There are a few things that are true about turning 40 that I am not liking, but for the most part the past 9 months haven't been all that bad and now that I am looking at turning 41 in less than 3 months, 40 feels young, 41 now feels old.
I have been wanting to write a book titled "I didn't think 40 would feel like this", hitting on points that I have felt as I have approached & journeyed through the first year (nearly) of being 40...but a book feels overwhelming & very, very tiring, so I decided to try it out here, on this blog, just to see if I can create enough to compose a book, who knows, you may just be reading the NEXT New York Best seller & you did it for free....
So I am going to take a shot at this, letting you in on some of my thoughts (now mind you that this is a ROUGH draft of a book, some of it may be feelings of the day & not really pertain to my title of being 40, so bear with me), I want POSITIVE, NON-CHEESE, NON-GASSY comments; truth, suggestions, no input on my being way off base....so if you can't give me that, PLEASE email me & let me know, so that I can ignore you & your comments!!

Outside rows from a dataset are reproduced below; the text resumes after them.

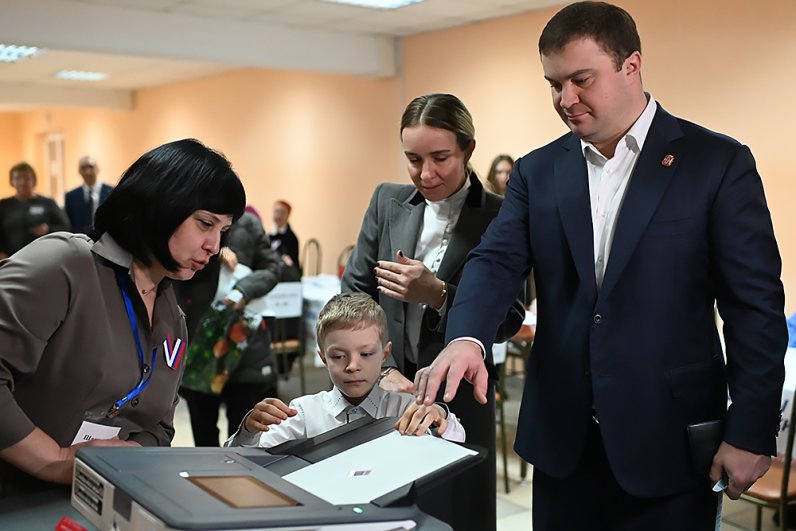 Губернатор Омской области Виталий Хоценко с семьей принимают участие в голосовании на выборах президента России.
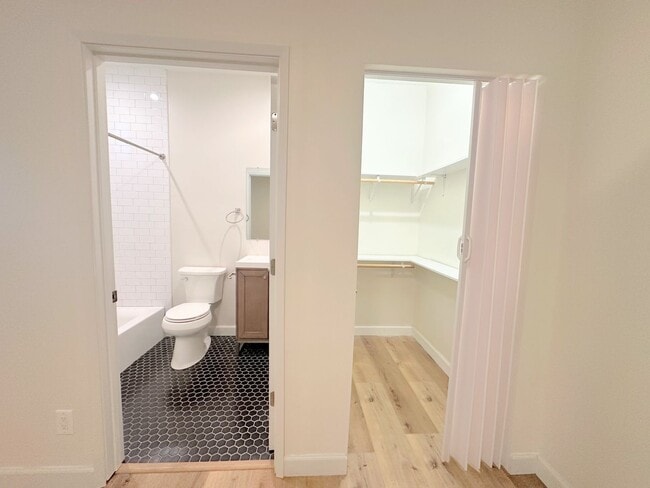 Foto del edificio - Gorgeous 2bd/2ba unit semi-furnished near ...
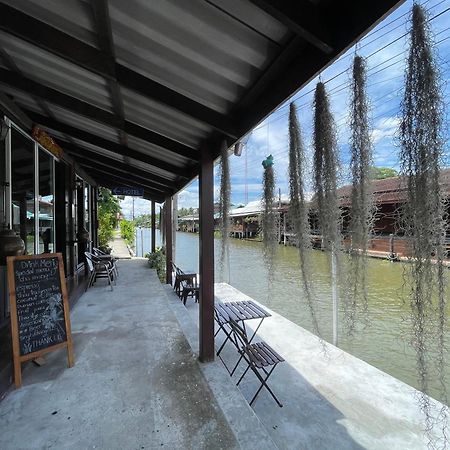 Reuan Vilawan Ratchaburi Exteriér fotografie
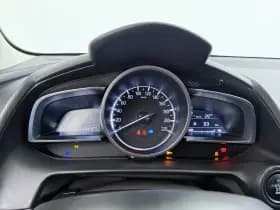 Mazda 2 thumbnail 10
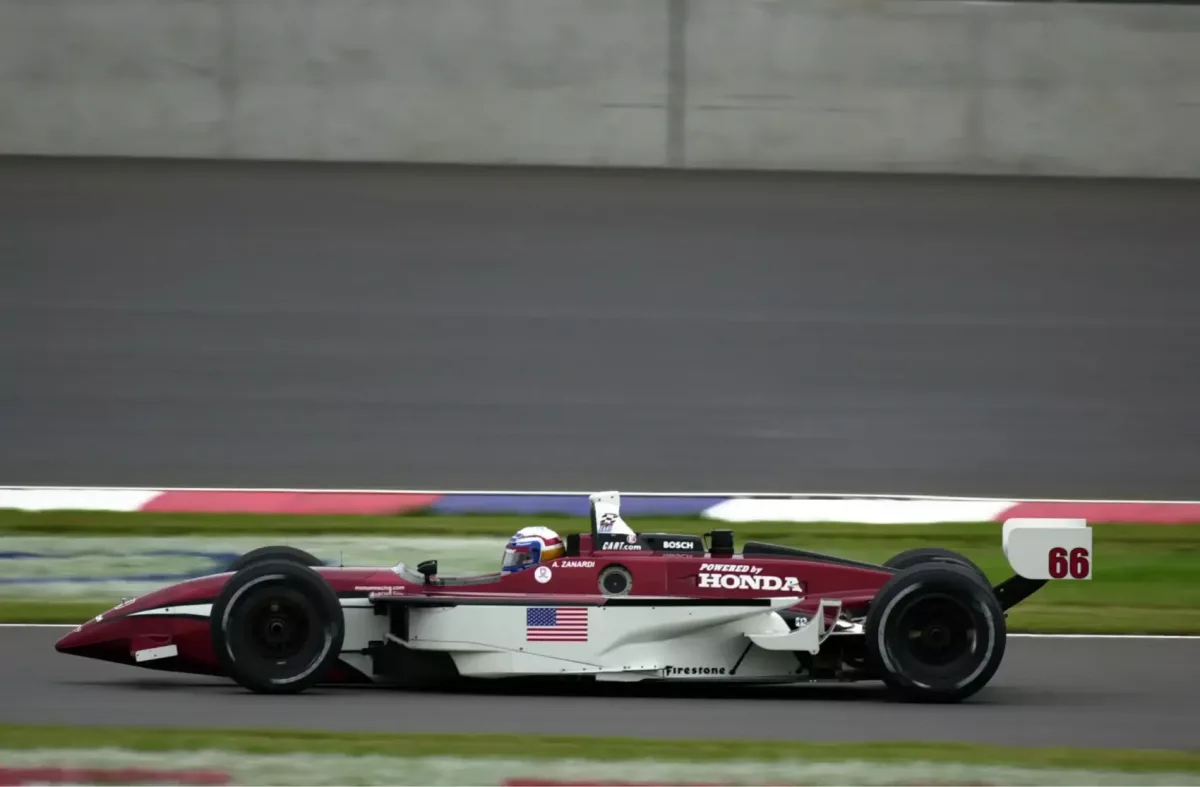 Az 24 éves Alex Zanardi tragikus balesete: lábainak darabjait zacskóba gyűjtötték, vérének 75%-át elvesztette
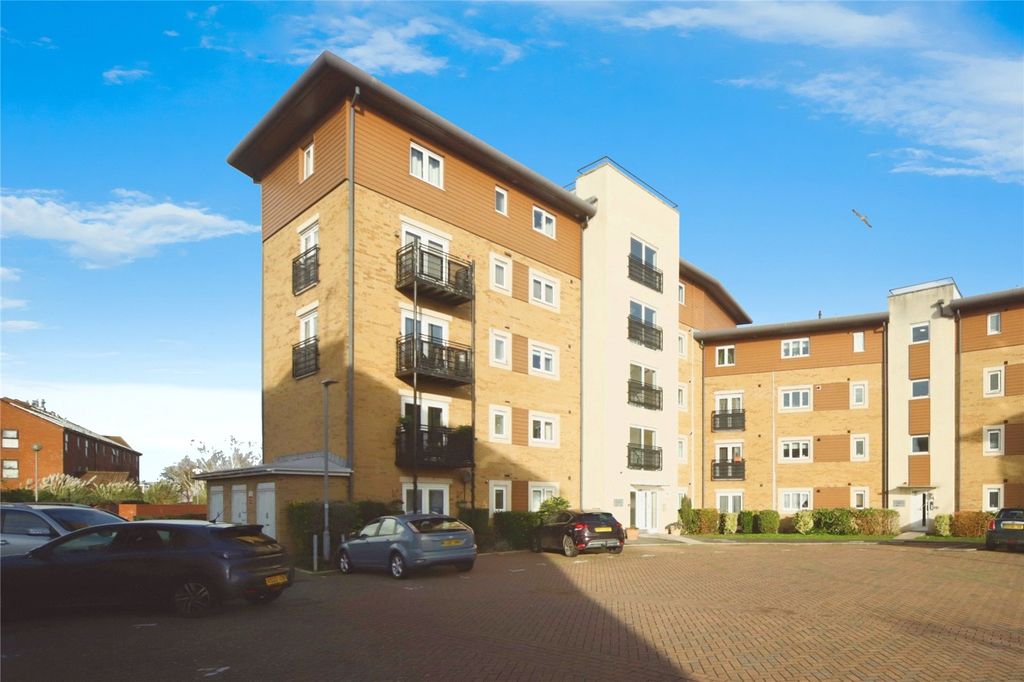Additional image 11 of 2 bed flat for saleManley Gardens, Bridgwater, Somerset TA6
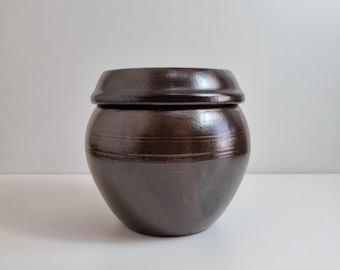 Handmade Korean Onggi Fermentation Jar | Kimchi & Gochujang Aging Crock (2.5 Liter / 0.66 Gal)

SOME posts will take several days to complete, because quite frankly I can't really spend more  than about 20 minutes a day, nor do I WANT to spend a lot of time on it, if I do, I will hate it, I don't want to hate it....also it may read like my brain works, -- scattered!!!  (Besides it is only a rough draft, some days may be rougher to read than others....ha ha)  So there may be posts that are started, not to be finished for several days, weeks or even months...I am my boss, the boss of this blog & I can't wait to do with it whatever I want...GO ME!!!
Looking forward to taking this journey with me, my thoughts & I!!